Arborists and urban foresters in the U.S are developing a program with data from the U.S. Forest Service so people can now stroll down Greenfield Main Street and discover the environmental benefits and species of some of the trees there.
“We chose 25 trees of various sizes and types and, using i-Tree, we calculated how much carbon dioxide they sequester annually; how much stormwater they intercept, which increases rainwater infiltration, storage and filtration; and how much cooling and heating energy is avoided because of reduced summer temperatures and winter wind block,” said Todd Beals, a ISA certified arborist and part of Greenfield’s Tree Committee.
They’ve put a sign up on every tree which what type of tree it is, along with the actual value of the tree in addition to the cost of replacing the tree. The labelled trees begin at the Town Common and run west on both sides of Main Street, ending around Wells Street. They were chosen because of their varied sizes and types.

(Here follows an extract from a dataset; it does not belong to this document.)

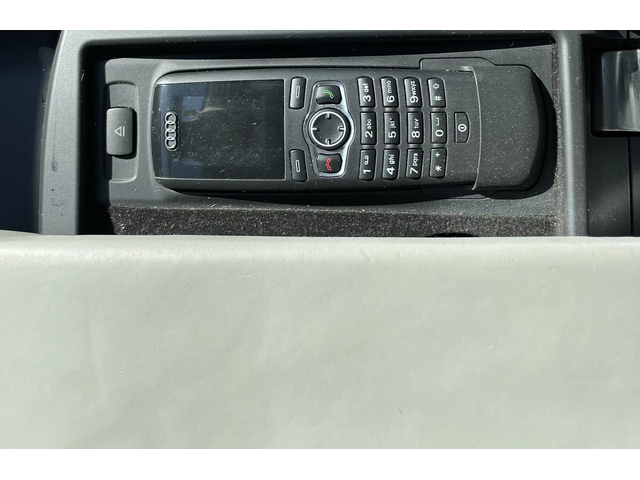 Audi A8 QUATTRO 3.0D 250HP - автомобили, коли, обяви за нови и употребявани 16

A pin oak in front of Veterans Mall, on one of the largest trees, intercepts close to 2,500 gallons of water each year as rain gets caught in it’s leaves and branches.

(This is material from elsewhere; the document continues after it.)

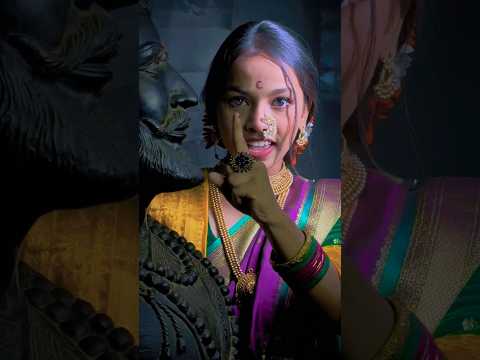 Shoorveer 3 ( जय शिवराय | जय शंभूराजे ) #shivajimaharaj #shivjayanti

It has also sequestered 782 pounds of carbon to date and reduces additional carbon dioxide emissions by avoiding the use of 121-kilowatt hours of electricity for air conditioning each year.

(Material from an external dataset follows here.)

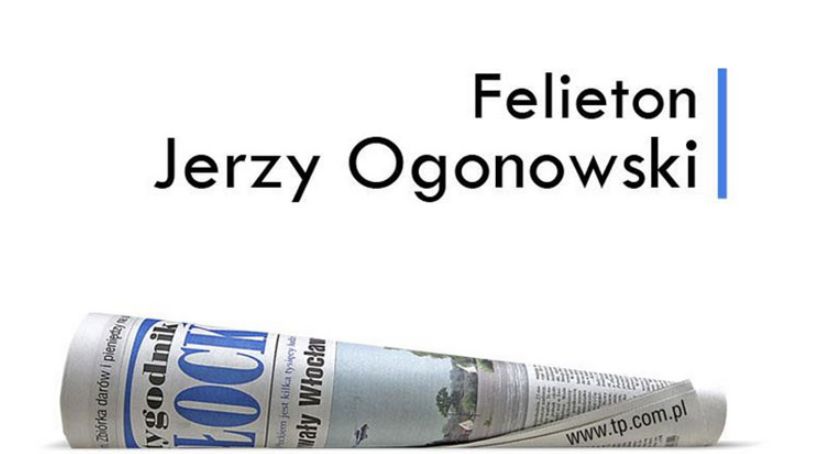 Mamy rekord!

On the other end of the spectrum, the Japanese lilac tree that was planted three years ago on Arbor Day is just getting started. It intercepted 74 gallons of rainwater last year, but with care from the town’s Department of Public Works and residents, its benefits will increase each year.
“In addition to the benefits quantified by i-Tree, there are many intangible benefits,” said Mary Praus, Franklin Regional Council of Governments land use planner and Tree Committee member, in the release. “Researchers have found that crime rates are lower in neighbourhoods that have street trees, as are asthma rates. Other research shows that people who are ill heal faster when they can see trees out the window next to their beds.”